A constable “was assigned to maintain the perimeter security at a crime scene. He entered the crime scene, leaving its perimeter insecure, and took $300 cash. The next day, he divulged to his supervisors that he had taken the $300. The Alberta Serious Incident Response Team (ASIRT) opened an investigation…”. As part of the investigation of his conduct, the oversight body:
conducted two “integrity tests” as part of its investigation. The first integrity test occurred on May 10, 2017. The respondent was approached by an undercover police officer who handed him a bag and claimed to have found it. The respondent went through the bag and took $25 in cash and two $50 prepaid gift cards.
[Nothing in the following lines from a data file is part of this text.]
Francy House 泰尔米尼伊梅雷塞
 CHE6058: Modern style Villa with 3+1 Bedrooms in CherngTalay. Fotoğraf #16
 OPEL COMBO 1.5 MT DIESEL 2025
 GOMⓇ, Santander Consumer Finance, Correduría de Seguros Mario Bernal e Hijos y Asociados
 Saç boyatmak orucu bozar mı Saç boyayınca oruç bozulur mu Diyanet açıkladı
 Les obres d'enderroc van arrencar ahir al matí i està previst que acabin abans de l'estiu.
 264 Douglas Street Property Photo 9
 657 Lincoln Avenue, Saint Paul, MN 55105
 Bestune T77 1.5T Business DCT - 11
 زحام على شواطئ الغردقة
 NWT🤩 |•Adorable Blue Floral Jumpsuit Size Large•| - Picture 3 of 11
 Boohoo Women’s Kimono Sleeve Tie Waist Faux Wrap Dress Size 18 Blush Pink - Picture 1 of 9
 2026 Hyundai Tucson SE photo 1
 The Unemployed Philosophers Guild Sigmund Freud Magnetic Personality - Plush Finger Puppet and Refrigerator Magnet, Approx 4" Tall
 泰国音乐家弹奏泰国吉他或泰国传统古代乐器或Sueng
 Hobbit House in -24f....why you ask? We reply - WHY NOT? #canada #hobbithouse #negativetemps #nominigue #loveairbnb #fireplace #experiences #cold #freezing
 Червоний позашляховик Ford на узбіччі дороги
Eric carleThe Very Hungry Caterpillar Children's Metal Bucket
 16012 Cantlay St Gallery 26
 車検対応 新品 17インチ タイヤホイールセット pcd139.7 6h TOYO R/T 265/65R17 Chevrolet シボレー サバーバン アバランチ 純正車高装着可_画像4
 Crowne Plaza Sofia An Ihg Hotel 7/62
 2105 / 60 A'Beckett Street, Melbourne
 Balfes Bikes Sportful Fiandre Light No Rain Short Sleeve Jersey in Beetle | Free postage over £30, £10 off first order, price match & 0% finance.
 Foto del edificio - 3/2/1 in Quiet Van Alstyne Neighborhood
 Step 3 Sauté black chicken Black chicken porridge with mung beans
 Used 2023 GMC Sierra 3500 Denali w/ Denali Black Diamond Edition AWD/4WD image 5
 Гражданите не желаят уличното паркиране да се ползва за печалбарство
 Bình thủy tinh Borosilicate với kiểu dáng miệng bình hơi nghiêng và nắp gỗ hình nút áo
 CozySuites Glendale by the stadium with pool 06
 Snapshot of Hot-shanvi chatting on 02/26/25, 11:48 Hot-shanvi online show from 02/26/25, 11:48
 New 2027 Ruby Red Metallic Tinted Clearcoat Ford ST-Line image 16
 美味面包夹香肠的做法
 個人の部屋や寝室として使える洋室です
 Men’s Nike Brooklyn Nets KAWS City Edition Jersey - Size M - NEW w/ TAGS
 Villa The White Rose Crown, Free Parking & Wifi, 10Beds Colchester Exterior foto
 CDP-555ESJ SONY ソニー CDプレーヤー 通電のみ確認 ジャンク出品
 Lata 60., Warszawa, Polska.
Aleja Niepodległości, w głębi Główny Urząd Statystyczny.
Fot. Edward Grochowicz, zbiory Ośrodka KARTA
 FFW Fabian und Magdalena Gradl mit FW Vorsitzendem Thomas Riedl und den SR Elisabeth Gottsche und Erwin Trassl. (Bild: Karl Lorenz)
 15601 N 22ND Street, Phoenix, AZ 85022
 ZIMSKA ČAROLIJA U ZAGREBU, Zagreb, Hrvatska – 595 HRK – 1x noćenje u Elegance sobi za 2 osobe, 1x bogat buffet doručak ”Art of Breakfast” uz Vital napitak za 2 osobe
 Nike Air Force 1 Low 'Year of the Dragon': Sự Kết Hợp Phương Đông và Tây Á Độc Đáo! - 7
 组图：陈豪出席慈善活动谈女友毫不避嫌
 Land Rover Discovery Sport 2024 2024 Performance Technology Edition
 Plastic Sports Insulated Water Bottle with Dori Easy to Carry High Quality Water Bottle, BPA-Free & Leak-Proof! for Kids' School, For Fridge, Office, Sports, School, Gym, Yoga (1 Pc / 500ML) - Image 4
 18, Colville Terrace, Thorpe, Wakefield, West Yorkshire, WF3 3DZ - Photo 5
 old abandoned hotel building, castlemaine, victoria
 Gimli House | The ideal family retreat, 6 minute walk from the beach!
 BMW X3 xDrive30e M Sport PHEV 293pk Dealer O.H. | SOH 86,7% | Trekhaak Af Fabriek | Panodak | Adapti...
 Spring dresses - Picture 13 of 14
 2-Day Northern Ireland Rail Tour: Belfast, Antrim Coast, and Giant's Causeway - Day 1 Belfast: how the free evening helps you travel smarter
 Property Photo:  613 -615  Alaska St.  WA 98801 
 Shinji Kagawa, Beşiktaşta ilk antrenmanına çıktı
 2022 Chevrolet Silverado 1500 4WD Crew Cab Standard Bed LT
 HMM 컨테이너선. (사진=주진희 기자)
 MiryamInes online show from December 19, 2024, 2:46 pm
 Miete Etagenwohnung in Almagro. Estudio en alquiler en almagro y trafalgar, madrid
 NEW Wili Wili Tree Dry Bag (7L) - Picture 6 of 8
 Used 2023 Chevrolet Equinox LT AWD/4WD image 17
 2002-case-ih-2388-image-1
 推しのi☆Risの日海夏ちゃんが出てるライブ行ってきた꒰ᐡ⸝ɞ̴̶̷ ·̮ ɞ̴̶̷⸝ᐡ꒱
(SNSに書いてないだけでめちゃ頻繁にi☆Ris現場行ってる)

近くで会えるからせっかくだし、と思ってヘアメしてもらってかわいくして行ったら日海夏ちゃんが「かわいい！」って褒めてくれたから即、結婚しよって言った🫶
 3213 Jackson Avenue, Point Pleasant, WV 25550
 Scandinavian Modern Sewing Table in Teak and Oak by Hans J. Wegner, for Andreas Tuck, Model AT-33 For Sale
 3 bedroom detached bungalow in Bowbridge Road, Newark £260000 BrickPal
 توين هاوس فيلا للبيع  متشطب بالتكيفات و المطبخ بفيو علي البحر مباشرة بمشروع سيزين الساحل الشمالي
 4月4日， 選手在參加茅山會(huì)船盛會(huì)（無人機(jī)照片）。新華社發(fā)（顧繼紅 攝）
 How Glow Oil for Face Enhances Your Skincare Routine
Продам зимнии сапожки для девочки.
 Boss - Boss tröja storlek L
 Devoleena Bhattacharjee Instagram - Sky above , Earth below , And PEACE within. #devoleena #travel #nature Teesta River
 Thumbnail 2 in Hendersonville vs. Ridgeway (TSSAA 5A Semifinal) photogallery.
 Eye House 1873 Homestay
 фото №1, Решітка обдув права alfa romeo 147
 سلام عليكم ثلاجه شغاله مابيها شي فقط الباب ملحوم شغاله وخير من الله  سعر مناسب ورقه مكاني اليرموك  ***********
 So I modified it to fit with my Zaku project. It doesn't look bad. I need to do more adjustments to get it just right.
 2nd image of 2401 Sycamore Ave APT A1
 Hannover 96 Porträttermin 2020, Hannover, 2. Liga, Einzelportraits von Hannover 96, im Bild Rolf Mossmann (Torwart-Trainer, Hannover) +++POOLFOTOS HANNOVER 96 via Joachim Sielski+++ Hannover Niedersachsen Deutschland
He did not document any part of the event.
The second integrity test took place on August 2, 2017. The respondent was asked to assist in the search of a reported stolen vehicle. He took $88 and two packages of cigarettes from the vehicle. He was arrested after his shift concluded.
He was found guilty criminally of breach of trust. The resulting discipline hearing resulted in an order of dismissal. However, the Review Board lowered the sanction to a two-year reduction in rank. The regulator sought leave to appeal. In a remarkable decision, the Court went at length about the unreasonableness of the Review Board’s decision but denied leave to appeal because it did not raise a legal question of general importance: Edmonton (Police Service) v Ahlstrom, 2023 ABCA 248 (CanLII).
A broader issue, however, is the use of “integrity testing” or undercover investigators by regulators, which is sometimes argued to be entrapment. The law is clear that this is a legitimate investigative technique where it is part of a bona fide investigation, meaning there is a reasonable suspicion to support the investigation and there is a genuine purpose in investigating the conduct. Regulators frequently use the technique to investigate concerns about the illegal practice of a profession.
However, there are considerable constraints on the use of “integrity testing”. The process can only offer an opportunity to engage in the suspected conduct; it cannot involve any pressure or inappropriate inducements.
In addition, care must be taken as to who is monitored. Virtue testing one’s adjudicator in an upcoming hearing is inappropriate.
“Integrity testing”, while a valid investigative tool, should be employed carefully.